You Wouldn’t Like Me When I’m Angry

Opi Nail Polish – Gamma Ray RAGE

 

It seems that everybody wants to be mad at the world lately.  I have this love/hate relationship with social media.  I canned Facebook for some time and I have to confess, I enjoyed the lack of drama.   A dear dear dear darling friend of mine (if one of us had to die for the greater good-I’d take the bullet – he’s funnier than I am) actually formed a petition to get me back.  It was sweet and I was surprised that some people even  noticed I was missing.  I’ve been back on for two-ish weeks.  Oh drammmmmaaaaaa.

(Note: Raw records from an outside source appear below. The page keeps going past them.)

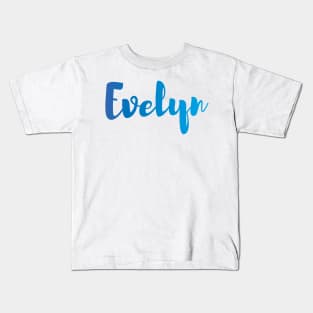 Evelyn Kids T-Shirt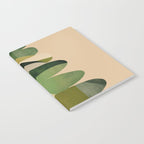 Abstract and Modern Stones Art 2 Notebook Gallery Image 2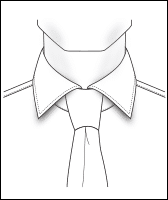 shirt-collar-classic -  - custom suits nyc bespoke tailor midtown, noho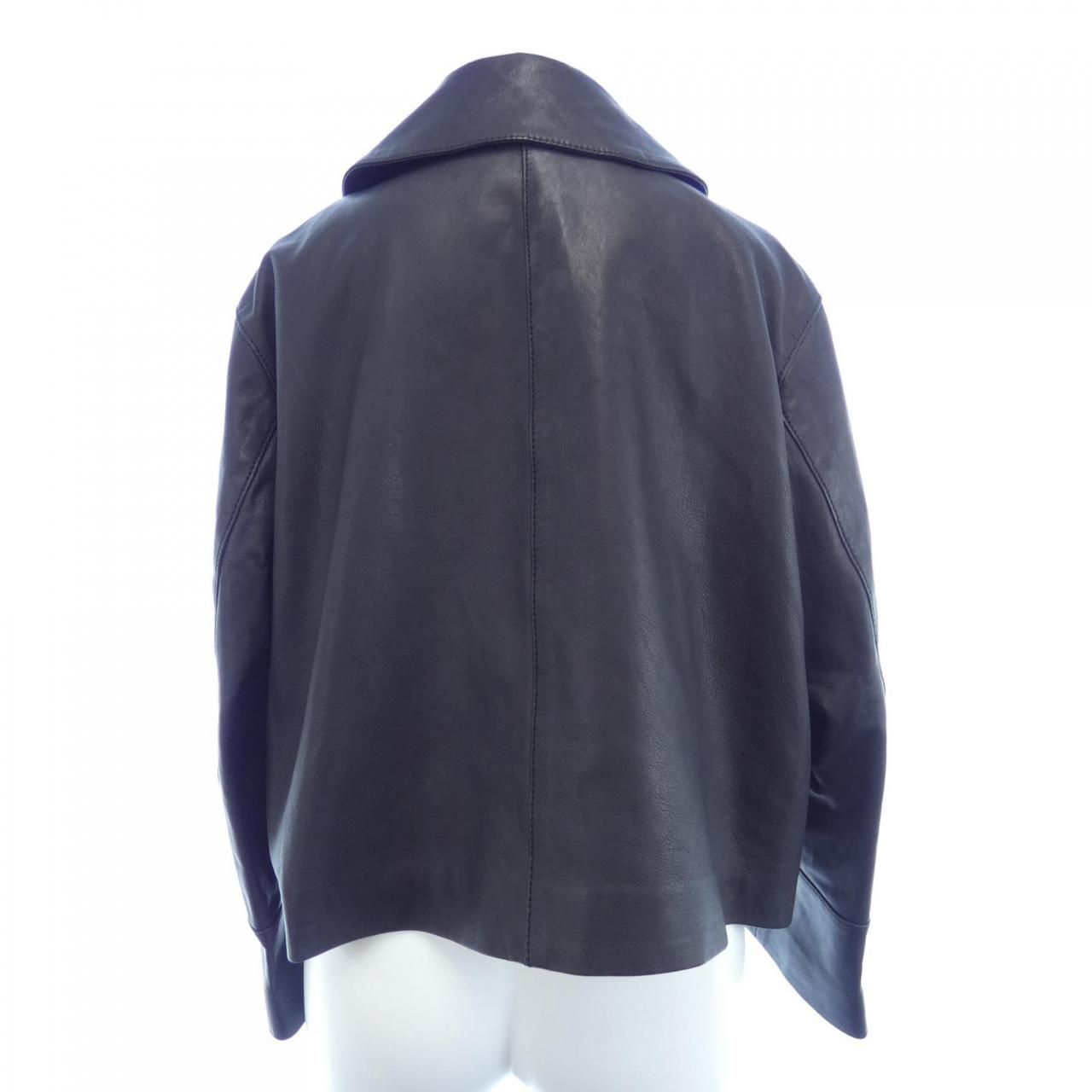 トゥモローランド TOMORROW LAND COLLEC 14-07-34-07002 レザージャケット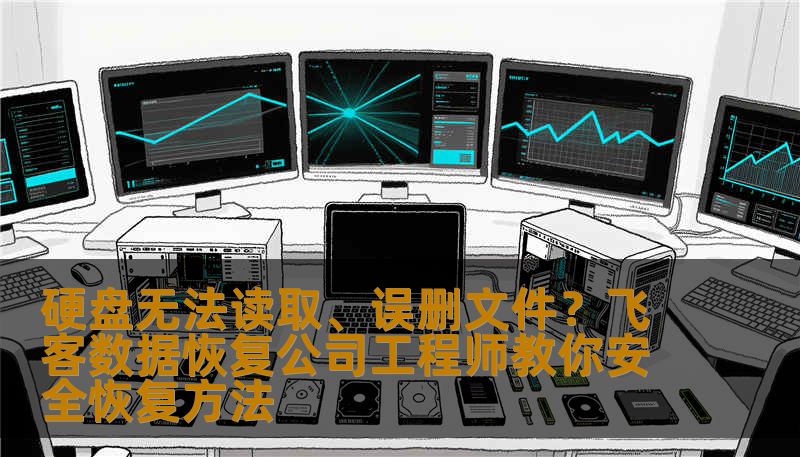 硬盘无法读取、误删文件？飞客数据恢复公司工程师教你安全恢复方法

Let me explain.  I arrived shortly after the release of Lemonade.  Let me be clear.  I was never a Beyoncé fan before.  Well I am now.  She has surpassed Alannis Morissette in the ultimate female rage song.  All I have to say is Michelle Bachman/Sarah Palin/Carly Fioriwhateverthehellyournameis/Big Hil don’t speak for me.  Beyoncé does. I bore witness to the idiocy of people making threats to whom ever they deemed to be Becky with the Good Hair.  Not you?  Moving on.

What I did arrive JUST in the nick of time for was a dead gorilla.  Hold up.  Before I start getting death threats….I love animals.  I’ve rescued three.  So don’t come at me bro.  However, the life of that little boy means a helluva lot more to me.  I won’t judge the mother because I wasn’t there.  I didn’t see it.  I’m not an expert of gorillas and I think the “guidelines” for zoo enclosures probably needs immediate tweaking.  And by tweaking- fix this shit.

I also arrived for the Taylor Ham/Pork Roll war.  It’s Taylor Ham.  I grew up in Morris County.  And no one I don’t give one tiny little rats ass what anyone else has to offer on this score.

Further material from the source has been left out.